I'm trying to understand how they solved this exercise.
I understood the first step of the answer obviously, but i'm a little confused about the second step. Would anyone please be able to provide some extra steps on how exactly they arrived to that equation and what properties and equations they used?

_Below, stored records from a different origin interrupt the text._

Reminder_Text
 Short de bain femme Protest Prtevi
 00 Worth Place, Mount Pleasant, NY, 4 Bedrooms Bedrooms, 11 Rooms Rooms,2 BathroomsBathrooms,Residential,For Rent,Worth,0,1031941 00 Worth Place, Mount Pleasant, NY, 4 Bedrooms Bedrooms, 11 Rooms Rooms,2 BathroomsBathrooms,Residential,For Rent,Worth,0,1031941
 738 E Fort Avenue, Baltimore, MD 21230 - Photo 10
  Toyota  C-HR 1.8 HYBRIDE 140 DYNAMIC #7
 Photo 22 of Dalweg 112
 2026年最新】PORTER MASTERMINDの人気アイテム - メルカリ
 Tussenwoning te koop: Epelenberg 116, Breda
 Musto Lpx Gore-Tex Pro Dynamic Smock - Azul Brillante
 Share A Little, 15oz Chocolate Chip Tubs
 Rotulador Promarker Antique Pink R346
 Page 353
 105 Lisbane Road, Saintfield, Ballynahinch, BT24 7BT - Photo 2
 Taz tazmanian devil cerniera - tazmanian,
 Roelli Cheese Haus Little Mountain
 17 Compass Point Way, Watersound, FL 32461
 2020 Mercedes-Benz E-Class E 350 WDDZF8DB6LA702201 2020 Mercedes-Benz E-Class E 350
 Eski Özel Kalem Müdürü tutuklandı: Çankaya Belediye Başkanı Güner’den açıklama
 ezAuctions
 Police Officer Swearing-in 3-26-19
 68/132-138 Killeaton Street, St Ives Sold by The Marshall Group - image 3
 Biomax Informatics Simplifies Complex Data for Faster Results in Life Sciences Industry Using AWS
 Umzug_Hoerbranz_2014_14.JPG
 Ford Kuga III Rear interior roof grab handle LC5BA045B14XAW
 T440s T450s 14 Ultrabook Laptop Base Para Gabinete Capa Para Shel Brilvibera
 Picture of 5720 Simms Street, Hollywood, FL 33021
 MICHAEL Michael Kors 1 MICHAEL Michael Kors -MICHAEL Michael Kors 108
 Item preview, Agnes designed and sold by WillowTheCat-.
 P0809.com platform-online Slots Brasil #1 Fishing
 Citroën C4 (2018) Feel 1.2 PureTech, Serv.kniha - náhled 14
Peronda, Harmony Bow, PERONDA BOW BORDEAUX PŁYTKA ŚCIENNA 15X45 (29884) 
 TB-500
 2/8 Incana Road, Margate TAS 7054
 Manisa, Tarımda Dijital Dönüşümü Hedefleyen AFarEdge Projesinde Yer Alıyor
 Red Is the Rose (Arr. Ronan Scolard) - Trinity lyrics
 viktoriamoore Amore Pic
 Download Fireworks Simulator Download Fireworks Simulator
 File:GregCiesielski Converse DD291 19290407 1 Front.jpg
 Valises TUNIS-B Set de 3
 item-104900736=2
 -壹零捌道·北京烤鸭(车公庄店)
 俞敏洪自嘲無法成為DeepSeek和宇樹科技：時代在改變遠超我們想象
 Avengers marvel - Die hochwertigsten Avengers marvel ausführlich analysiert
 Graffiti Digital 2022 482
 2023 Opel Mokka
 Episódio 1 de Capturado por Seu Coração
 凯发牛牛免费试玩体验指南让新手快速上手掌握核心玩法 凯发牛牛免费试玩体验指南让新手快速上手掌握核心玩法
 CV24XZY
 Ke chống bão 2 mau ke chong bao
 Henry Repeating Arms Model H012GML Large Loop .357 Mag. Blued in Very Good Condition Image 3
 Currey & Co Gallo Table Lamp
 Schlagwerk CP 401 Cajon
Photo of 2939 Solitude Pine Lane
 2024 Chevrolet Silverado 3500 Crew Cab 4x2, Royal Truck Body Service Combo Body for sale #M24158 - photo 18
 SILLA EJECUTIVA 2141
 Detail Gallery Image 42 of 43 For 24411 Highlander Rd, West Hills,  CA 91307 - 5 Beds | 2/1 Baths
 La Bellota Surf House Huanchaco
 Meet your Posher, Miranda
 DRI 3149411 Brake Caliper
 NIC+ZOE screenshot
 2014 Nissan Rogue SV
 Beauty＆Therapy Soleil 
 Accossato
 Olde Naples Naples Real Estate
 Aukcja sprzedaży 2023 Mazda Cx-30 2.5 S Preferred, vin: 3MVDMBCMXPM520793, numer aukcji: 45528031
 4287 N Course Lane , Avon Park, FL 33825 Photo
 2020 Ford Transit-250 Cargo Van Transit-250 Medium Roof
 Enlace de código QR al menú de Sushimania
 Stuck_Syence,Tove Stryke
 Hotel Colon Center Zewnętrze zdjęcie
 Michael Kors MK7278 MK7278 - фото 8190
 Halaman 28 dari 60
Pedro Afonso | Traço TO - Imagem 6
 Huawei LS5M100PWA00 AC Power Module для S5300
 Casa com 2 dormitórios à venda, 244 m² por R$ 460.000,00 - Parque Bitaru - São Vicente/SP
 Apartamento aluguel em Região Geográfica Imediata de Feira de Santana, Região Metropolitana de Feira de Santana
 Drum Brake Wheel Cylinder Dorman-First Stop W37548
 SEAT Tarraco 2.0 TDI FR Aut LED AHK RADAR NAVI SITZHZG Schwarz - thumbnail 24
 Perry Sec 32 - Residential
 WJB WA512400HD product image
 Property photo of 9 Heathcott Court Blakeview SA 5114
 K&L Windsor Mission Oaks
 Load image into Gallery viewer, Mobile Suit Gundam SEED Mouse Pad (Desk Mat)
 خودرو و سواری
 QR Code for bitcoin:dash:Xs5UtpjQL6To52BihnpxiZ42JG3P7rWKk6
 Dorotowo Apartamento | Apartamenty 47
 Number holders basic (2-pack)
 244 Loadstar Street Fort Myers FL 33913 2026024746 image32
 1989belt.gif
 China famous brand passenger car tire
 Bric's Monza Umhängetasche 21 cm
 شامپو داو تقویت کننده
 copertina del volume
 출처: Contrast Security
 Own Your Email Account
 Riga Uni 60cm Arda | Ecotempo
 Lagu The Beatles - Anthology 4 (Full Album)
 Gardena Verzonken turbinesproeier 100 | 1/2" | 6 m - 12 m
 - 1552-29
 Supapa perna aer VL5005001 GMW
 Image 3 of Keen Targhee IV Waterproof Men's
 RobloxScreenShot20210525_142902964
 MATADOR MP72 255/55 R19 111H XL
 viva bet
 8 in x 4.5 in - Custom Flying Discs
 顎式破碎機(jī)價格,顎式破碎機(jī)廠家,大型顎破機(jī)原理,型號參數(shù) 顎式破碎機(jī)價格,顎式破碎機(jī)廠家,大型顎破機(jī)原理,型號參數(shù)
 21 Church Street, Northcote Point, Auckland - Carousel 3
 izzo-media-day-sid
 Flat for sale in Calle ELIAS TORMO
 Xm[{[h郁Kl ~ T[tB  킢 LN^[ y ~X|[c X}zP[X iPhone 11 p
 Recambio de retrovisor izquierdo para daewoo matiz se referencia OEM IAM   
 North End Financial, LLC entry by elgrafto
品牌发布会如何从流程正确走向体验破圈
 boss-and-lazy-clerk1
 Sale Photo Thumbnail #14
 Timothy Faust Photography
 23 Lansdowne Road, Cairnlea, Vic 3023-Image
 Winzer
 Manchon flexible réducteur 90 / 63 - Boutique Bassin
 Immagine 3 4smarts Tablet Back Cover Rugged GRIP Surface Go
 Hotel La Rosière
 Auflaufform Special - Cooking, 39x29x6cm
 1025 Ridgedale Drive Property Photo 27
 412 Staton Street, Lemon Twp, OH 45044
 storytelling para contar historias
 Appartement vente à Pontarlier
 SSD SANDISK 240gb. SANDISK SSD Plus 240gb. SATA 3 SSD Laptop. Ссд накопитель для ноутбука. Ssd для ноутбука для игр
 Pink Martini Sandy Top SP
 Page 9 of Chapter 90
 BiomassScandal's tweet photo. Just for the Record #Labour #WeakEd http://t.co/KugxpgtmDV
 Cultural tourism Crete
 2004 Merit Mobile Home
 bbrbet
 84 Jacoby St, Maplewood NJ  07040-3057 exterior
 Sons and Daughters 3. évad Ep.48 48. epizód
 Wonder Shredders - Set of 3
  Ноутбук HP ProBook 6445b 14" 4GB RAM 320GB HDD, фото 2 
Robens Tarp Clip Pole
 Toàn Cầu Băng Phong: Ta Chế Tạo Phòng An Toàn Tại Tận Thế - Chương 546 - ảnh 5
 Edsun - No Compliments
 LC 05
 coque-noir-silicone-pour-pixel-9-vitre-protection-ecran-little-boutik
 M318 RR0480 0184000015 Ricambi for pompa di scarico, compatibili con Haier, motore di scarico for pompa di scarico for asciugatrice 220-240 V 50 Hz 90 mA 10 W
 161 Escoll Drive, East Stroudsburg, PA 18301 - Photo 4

Thank you.
$$\begin{align}\mathbb{V}[Z]&=\mathbb V[-X+3Y]\\[1ex]&=\mathbb{V}[X]+9\,\mathbb{V}[Y]-2\cdot3\cdot \mathbb{Cov}[X,Y]\\[1ex]&=\sigma^2(1+9)-6\,\mathbb{Cov}[X,Y]\\[2ex]34&=\sigma^2(1+9)+12\\[2ex]\sigma^2&=\frac{34-12}{10}\\[1ex]&=2.2\end{align}$$
This is because: $$\begin{align}\mathbb{V}[aX+bY]&=\mathbb{E}[(aX+bY)^2]-\mathbb{E}[aX+bY]^2\\[1ex]&={\mathbb{E}[a^2X^2]+\mathbb{E}[b^2Y^2]+\mathbb{E}[2abXY]\\-\mathbb{E}[aX]^2-\mathbb{E}[bY]^2-2\,\mathbb{E}[aX]\,\mathbb{E}[bY]}\\[1ex]&={{(\mathbb{E}[a^2X^2]-\mathbb{E}[aX]^2)}\\+{(\mathbb{E}[b^2Y^2]-\mathbb{E}[bY]^2)}\\+{(\mathbb{E}[2abXY]-2\,\mathbb{E}[aX]\,\mathbb{E}[bY])}}\\[1ex]&=a^2\,\mathbb{V}[X]+b^2\,\mathbb{V}[Y]+2ab\,\mathbb{Cov}[X,Y]\end{align}$$